Listening is an activity. It's not passive. We are creating the world by listening all the time.

The desire to be right can be very destructive in relationships.

I often go into shops and ask them to turn the music down.

In a room full of 60 to 70 people which is open plan and absolutely quiet, it's very intimidating to make a phone call. And if you do so, you're upsetting about 15 to 20 people because they're put off by your phone call.

Not even a woman cannot understand two people talking at the same time.

A great deal of our work involves switching music off.

I think it's pretty pointless, my children learning to use a keyboard - we will just talk to our computers. Why would we not?

Sadly, piped music in so many public spaces is often just more noise.

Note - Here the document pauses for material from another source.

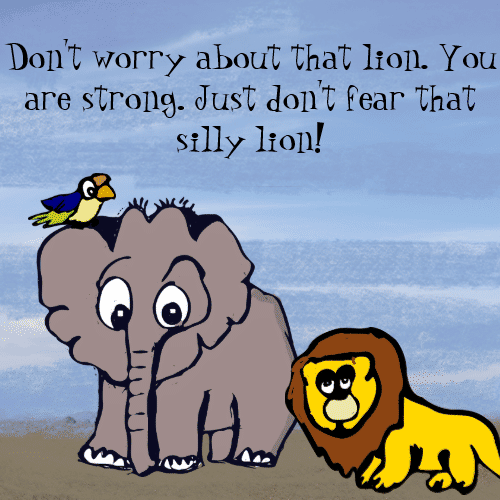 Cartoon Elephant And The Lion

Rarely is it carefully designed to enhance our experience; much more likely it is there because retailers have subscribed to an incorrect view that music makes people spend more.

If you're listening consciously, you can take control of the sound around you. It's good for your health and for your productivity. If we all do that, we move to a state that I like to think will be sound living in the world.

Just three minutes a day of silence is a wonderful exercise to reset your ears and to recalibrate so that you can hear the quiet again. If you can't get absolute silence, go for quiet; that's absolutely fine.

It is a mistake to assume that everyone listens like you do: your listening is as unique as your fingerprints, and so is everyone else's.

There are just huge benefits to come from designing for the ears in our health care.

I would suggest that our listening is the main way that we experience the flow of time from past to future.

It would be some sort of shock horror story if a child left school unable to read or write. But we do not teach explicitly, or test in the main, either speaking or - much more importantly - listening.

Sound is complex; there are many countervailing influences. It can be a bit like a bowl of spaghetti: sometimes you just have to eat it and see what happens.

The Hindus say, 'Nada brahma,' one translation of which is, 'The world is sound.' And in a way, that's true, because everything is vibrating.

For the great speakers, it's all about the audience. And the feeling they have is that they're giving a gift, of maybe knowledge or inspiration or motivation.

My mother, in the last years of her life, became very negative, and it's hard to listen. I remember one day, I said to her, 'It's October 1 today,' and she said, 'I know, isn't it dreadful?' It's hard to listen when somebody's that negative.

We vote for politicians with lower voices, it's true, because we associate depth with power and with authority.

Intention is very important in sound, in listening. When I married my wife, I promised her I would listen to her every day as if for the first time. Now that's something I fall short of on a daily basis.

Let's define listening as making meaning from sound. It's a mental process, and it's a process of extraction. We use some pretty cool techniques to do this. One of them is pattern recognition.

Every individual's listening is as unique as his or her fingerprints because we all listen through filters that develop from our personal mix of culture, language, values, beliefs, attitudes, expectations and intentions. That is why one person's musical taste is another person's hideous noise.

Listening is a crucial aspect of democracy. Listening creates understanding, and understanding permits one of the most important things about every democracy, which is civilized disagreement.

It's a common mistake to speak the same to everybody. We all have different filters.